Il dénonce l’histoire de François Furet, qui fait de la révolution un bloc de terreur, sans en voir le fondement, et l’espoir suscité. Pour lui, c’est une histoire apologétique, simpliste. De même, il tient comme un chef d’oeuvre « l’âge des extrêmes » de Hobsbawm qui réhabilite le communisme, livre refusé par Pierre Nora, comme anachronique. Traverso est un historien engagé, qui ne croit pas à la neutralité, et surtout pour le XXème siècle, l’histoire est aussi autobiographique.

L’europe s’est faite sur la base d’un oubli mémoriel, car la seule culture commune de l’Europe a été la division.

La shoah est devenue une religion civile alors qu’il faudrait pouvoir la réintégrer dans l’histoire pour la comprendre vraiment. Ainsi, les pays de l’est l’ignorent alors qu’elle s’est déroulée sur leur territoire.
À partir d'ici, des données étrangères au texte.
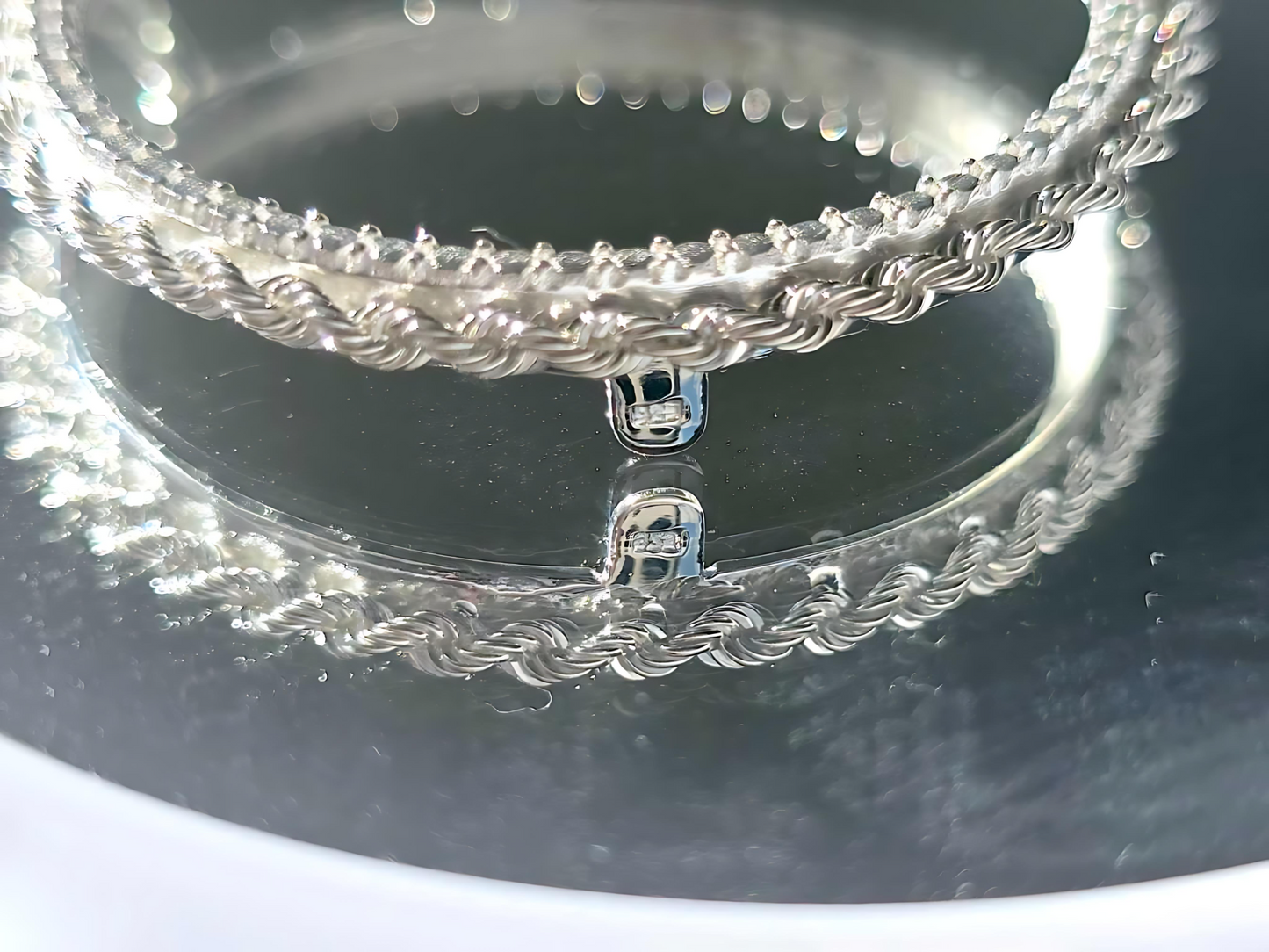 925 Sterling Silver Prong Back Illusion Rope Bezel for 38mm 1 Dollar Coins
Pour Traverso, la seconde guerre a été une guerre ordinaire à l’ouest, et une guerre d’extermination à l’est.

Ce livre est d’une fantastique érudition, d’un époustouflant niveau de réflexion, en comparaison de ce qu’on peut lire par ailleurs, et loin de tous les lieux communs de notre épqoue. Je n’ai pu en trouver de résumé satisfaisant, j’ai jeté quelques uns de ses thèmes dans cet article, mais on ne peut résumer un livre profond, qui fait part de toute la complexité du monde, sans simplisme. Je n’ai mis en lien que ses entretiens, le reste ne pouvant rendre compte de son œuvre, car les commentaires sont nettement en dessous de son niveau, et donc n’apportent rien.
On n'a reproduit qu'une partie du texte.